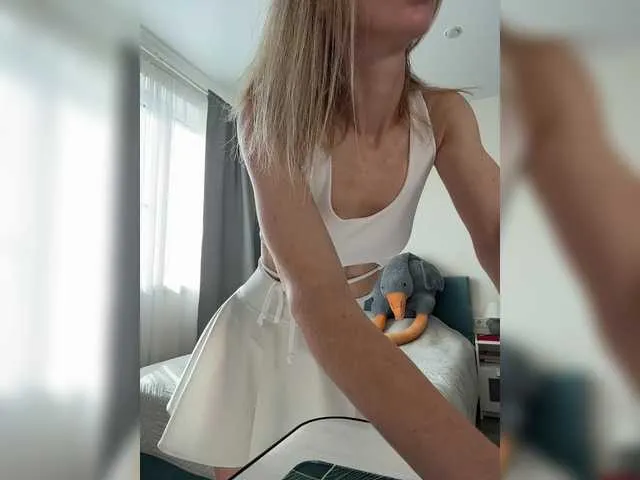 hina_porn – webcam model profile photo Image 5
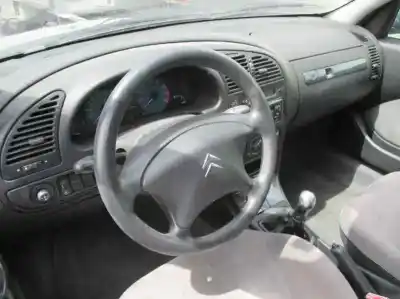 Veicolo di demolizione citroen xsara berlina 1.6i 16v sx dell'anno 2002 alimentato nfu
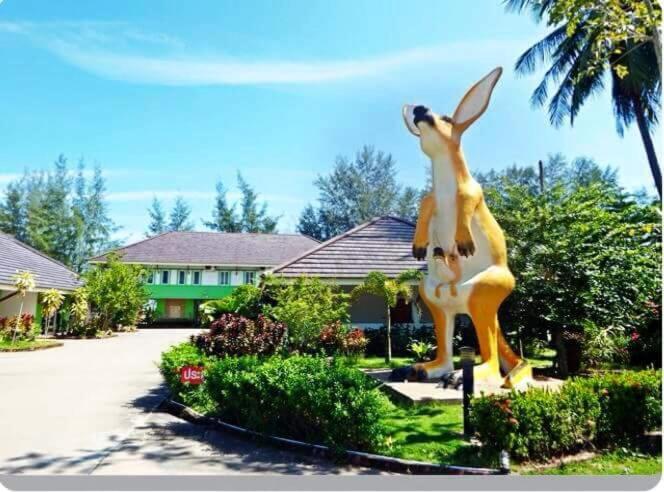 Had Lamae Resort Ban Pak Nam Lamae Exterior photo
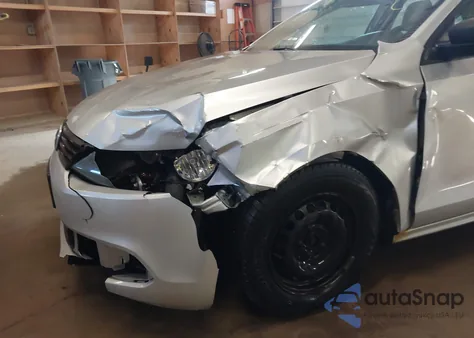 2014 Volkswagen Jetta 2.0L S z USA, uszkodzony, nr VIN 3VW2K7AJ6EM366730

☆ ☆ ☆ ☆

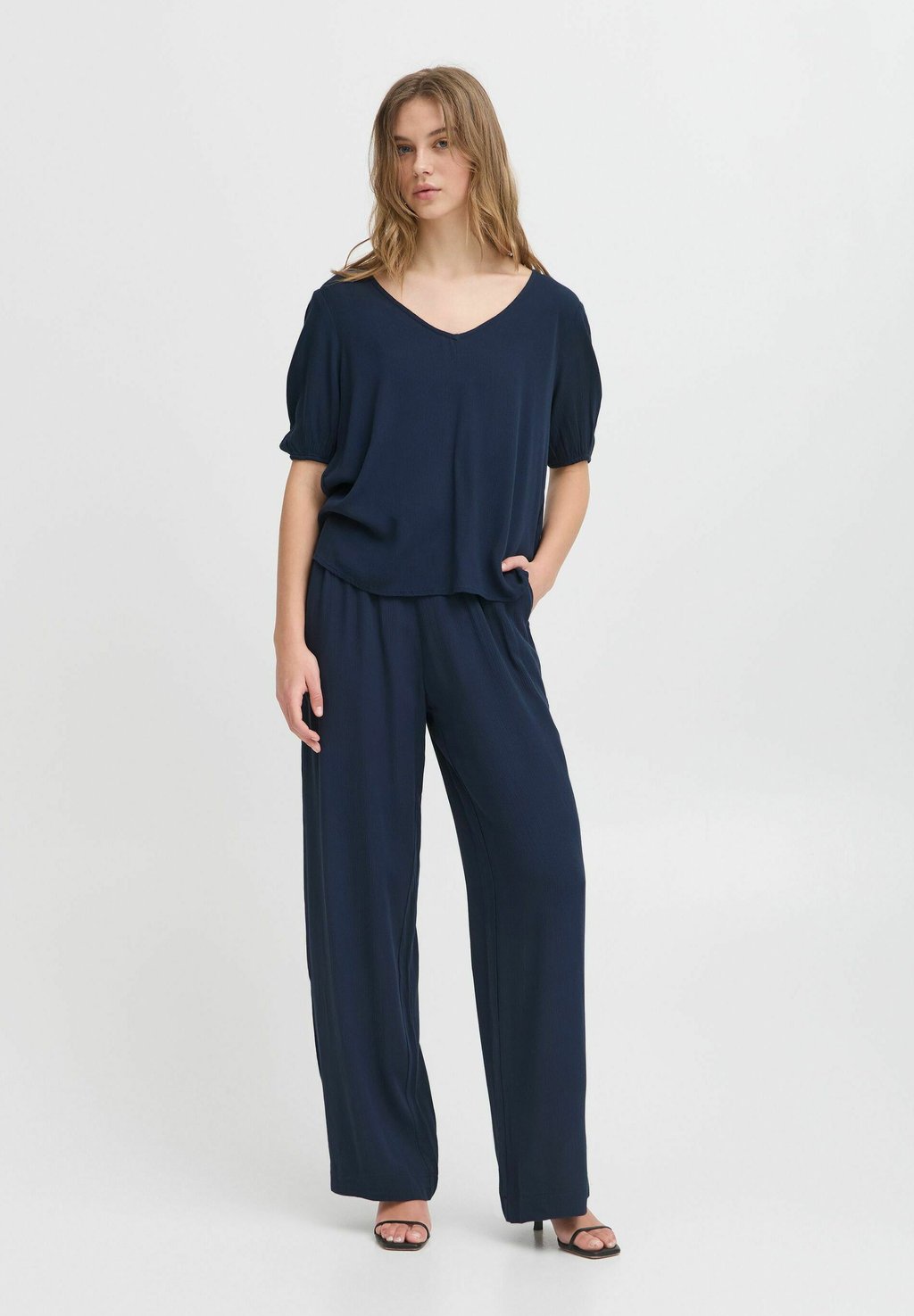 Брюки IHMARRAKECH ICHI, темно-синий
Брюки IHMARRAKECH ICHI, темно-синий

☆ ☆ ☆ ☆

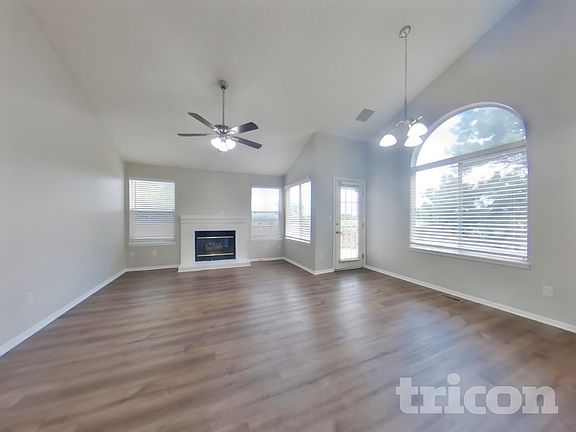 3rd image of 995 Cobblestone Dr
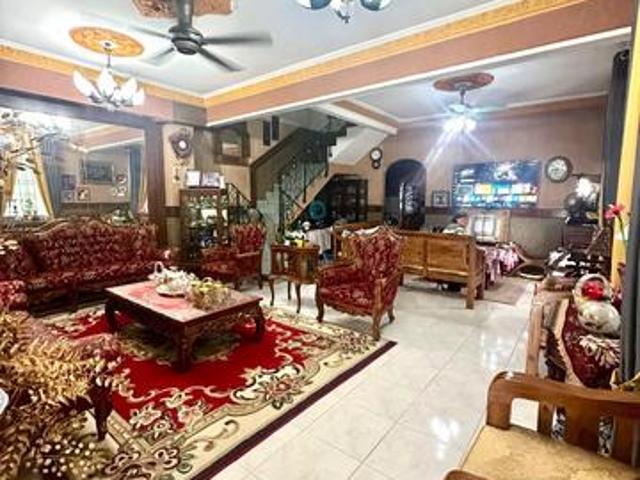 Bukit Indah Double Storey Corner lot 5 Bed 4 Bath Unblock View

☆ ☆ ☆ ☆

* **Aim of the task**
Precisely those lines above that run from the line with "3rd image of 995 Cobblestone Dr" up to and including the line with "Bukit Indah Double" are to be set down, with the pictures omitted.

* **The completed task**
 3rd image of 995 Cobblestone Dr
 Bukit Indah Double Storey Corner lot 5 Bed 4 Bath Unblock View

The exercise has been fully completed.